Perfectly Simple Poached Pears
Recently I took a trip to Portland, Oregon for an evolution convention. After a late wakeup, rather than heading straight to the convention, my friend Dorothy and I decided to get brunch at Café Nell (where we had dinner the night before). One of the things I ordered was a poached pear, which was served on a long white plate with beautiful streaks of intermingling orange syrup and yogurt. It was absolutely divine and I told Wilson over the phone that I needed to attempt its recreation when I got back. Sometimes when I eat something that’s really good, I have trouble getting it out of my head until I can make a similar dish myself.
After a little more gushing over my poached pear experience, Wilson and I first consulted Mark (or more correctly, How to Cook Everything by Mark Bittman – we refer to both the book and the person as, “Mark”). We decided to use a cinnamon rather than orange syrup, and serve the pears with yogurt, as I enjoyed them in Portland.
These pears were incredibly simple to prepare – just simmer and wait. They were also incredibly delicious. The voluptuous pear halves become slightly soft and perfectly spicy-sweet with the addition of the syrup. We had them for breakfast on a Saturday morning and enjoyed leftovers the following evening for dessert. My breakfast in Portland was perfectly scrumptious, but I must say that enjoying a similar dish at home with Wilson was much more fun.
I love fruit– naked, in a pie, in cereal, on ice cream, you name it. But somehow this dish elevates the pears to something more luscious, without hiding the purity of the flavor and texture in pears. There is certainly nothing wrong with all of the decadent desserts that seem to be everywhere this time of year. But, sometimes simplicity is also worthy of celebration.
Poached Pears with Cinnamon Syrup
Adapted from How to Cook Everything by Mark Bittman
2 ½ cups sugar
One 3-inch cinnamon stick or about 2 tsp. cinnamon
Combine the sugar and cinnamon with 5 cups water in a medium saucepan (large enough to accommodate the pears) over high heat. Peel the pears, leaving their steps on. Core them by digging into the blossom end with a melon baller, spoon, or pairing knife.

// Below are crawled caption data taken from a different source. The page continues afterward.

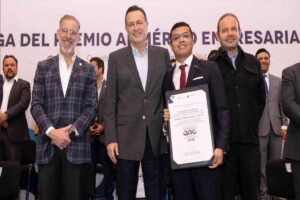 Mauricio Kuri entrega del Premio al Mérito Empresarial 2023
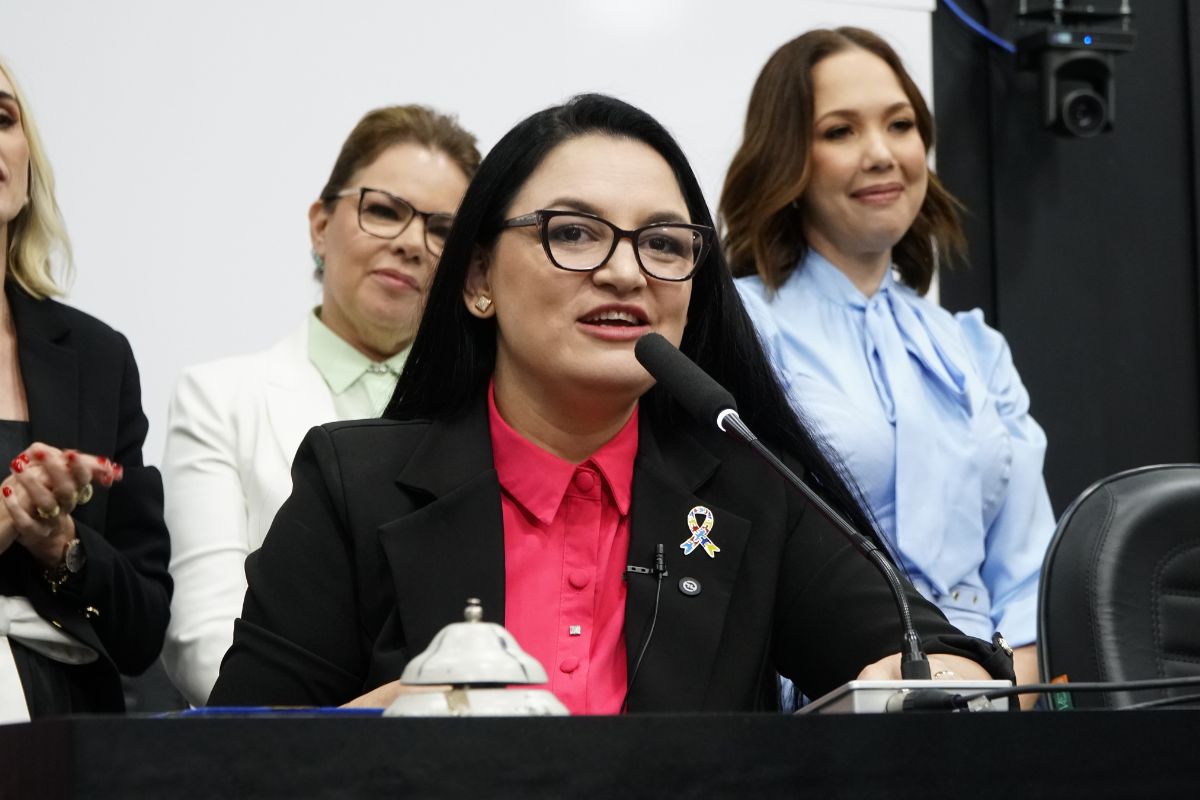 politica de primeira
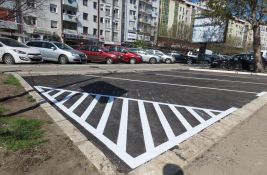FOTO: Završena obnova parkinga u delu Bulevara oslobođenja, radovi se nastavljaju na drugom delu 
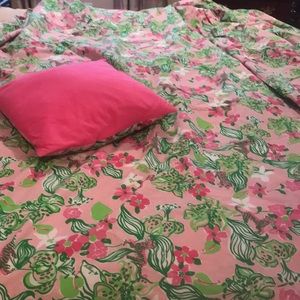 Lilly Pulitzer queen size duvet cover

Lower the pears into the boiling water and adjust the heat so that it simmers gently. Cook, turning the pears every 5 minutes or so, until they meet little resistance when prodded with a thin-bladed knife, usually from 10-20 minutes. Turn off the heat and allow to cool in the liquid.
Transfer the pears to serving plates. Reduce the poaching liquid to a cup of less, then spoon a little over each pear before serving. Serve with plain or vanilla yogurt if desired.